Heinz gehörte der jungen Generation Bergmänner an und war damit eins der letzten, seltenen Exemplare seiner Gattung.  Auch Nachbar Gerd im Haus gegen über war noch keine fünfzig, wurde aber bald Frührentner. Die ältere Generation Bergmänner war damals schon nahezu komplett „auffm Buer’schen Berch“, will heißen: tot. Die Handvoll Pütt-Veteranen, die Grubenunglücke und Staublunge überlebt hatten, waren meist nur noch bedingt zu gebrauchen. Ab der Generation 60+ war unsere Siedlung also de facto eine Frauengesellschaft. In der Straße mit den bescheidenen, vom Kohlestaub ergrauten Häuschen herrschte gewissermaßen eine Art Matriarchat.

Irgendwie hatte es nie den Anschein, als würden die Männer groß vermisst.  Wenn frau sich beim Brombeer-Aufgesetzten am Gartenlauben-Tisch schon mal über „unsere Kerle“ unterhielt, waren diese Unterhaltungen selten von Rührseligkeit geprägt.

Rührseligkeit ist der Ruhrgebiets-Frau generell eher fremd. Sie ist schließlich an harte Arbeit gewöhnt, und auch Trauer - arbeit muss eben möglichst schnell und ohne großes Geschiss erledigt werden.  Nicht umsonst lautet das gängige, gänzlich unlarmoyante Begrüßungsritual im Pott: „Wie isset? – „Et muss.“ Selten trifft man hier jemanden, dem es wirklich gut geht, abba wat sollze da groß lamentiern, kannzet ja sowieso nich ändern.

So waren die zentralen Themen in Sachen Ehemänner die Versorgungsfrage („Der Jupp hat ihr ne orntliche Rente hinter - lassen, da sollse ma nich meckern!“) sowie vergleichende Analysen des Lungen-Auswurfs der Verblichenen („Also, mein Willi hat ja jeden Abend ne halbe Tasse Schleim gehustet!“ – „Wat, so wenich?  Mein Egon ne ganze!“).

Diese Welt, bevölkert mit robusten Frauen, die ihre Gärten umgruben, Mäuse erschlugen und Kohleeimer schleppten, färbte zwangsläufig auf uns Kinder ab. Ich halte es für keinen Zufall, dass die Mädchen in unserer Siedlung nicht nur selbstverständlich mit den Jungs Fußball spielten, sondern auch die meisten Tore schossen und in unserer Straßentruppe überhaupt irgendwie das Sagen hatten.

Nirgendwo hat ein Mädchen so gute Chancen, keine Tusse zu werden wie im Ruhrpott.

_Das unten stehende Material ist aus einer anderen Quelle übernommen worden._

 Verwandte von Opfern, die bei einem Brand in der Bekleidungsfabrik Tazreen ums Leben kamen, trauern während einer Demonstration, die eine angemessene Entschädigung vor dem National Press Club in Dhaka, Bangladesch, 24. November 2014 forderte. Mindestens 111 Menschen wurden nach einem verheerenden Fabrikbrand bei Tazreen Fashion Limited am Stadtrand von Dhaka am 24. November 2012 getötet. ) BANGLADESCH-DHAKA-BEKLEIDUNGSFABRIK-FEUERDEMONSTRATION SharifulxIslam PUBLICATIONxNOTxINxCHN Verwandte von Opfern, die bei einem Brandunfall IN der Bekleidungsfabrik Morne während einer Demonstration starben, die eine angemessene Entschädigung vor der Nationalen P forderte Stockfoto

Die Eigenschaften, die dem weiblichen Menschen gemeinhin zugeschrieben werden, sind in diesem Biotop an Ruhr und Rhein-Herne-Kanal noch unbrauchbarer als anderswo, weshalb sie in hundert Jahren Industrialisierung und Strukturwandel quasi wegevolutioniert wurden. Das Resultat: Tussentum wird verachtet. Hilflosigkeit? Wehleidigkeit? Weinerlichkeit? Konnte sich keiner – und eben auch keine! – leisten. Nicht, wenn die Frauen sonntags die kohlrabenschwarze Wäsche für Väter, Söhne und Kostgänger am Waschbrett schrubbten, den Hühnern im Garten (dessen Produkte von der Zeche fest in die Lohntüte eingerechnet wurden) den Hals umdrehte oder Blutwürste zu Panhas verkochte. Nicht, als das Ruhrgebiet nach dem Krieg fast komplett in Schutt und Asche lag; als der Mann unter Tage „unter Bruch“ geraten war und nicht sicher war, ob und in welcher Verfassung er nach Hause kommen würde; als er sich mit Ende fünfzig an Silikose, der so genannten Steinstaub - lunge, in den Tod hustete. Und schon gar nicht, als das ganze Ruhrgebiet mit seinen Zechen, Hochöfen und Textilfabriken den Bach runter ging und die höchsten Arbeits - losenquoten Westdeutschlands und viel verletzter Stolz übrigblieben. Et nützt allet nix: Da musse durch.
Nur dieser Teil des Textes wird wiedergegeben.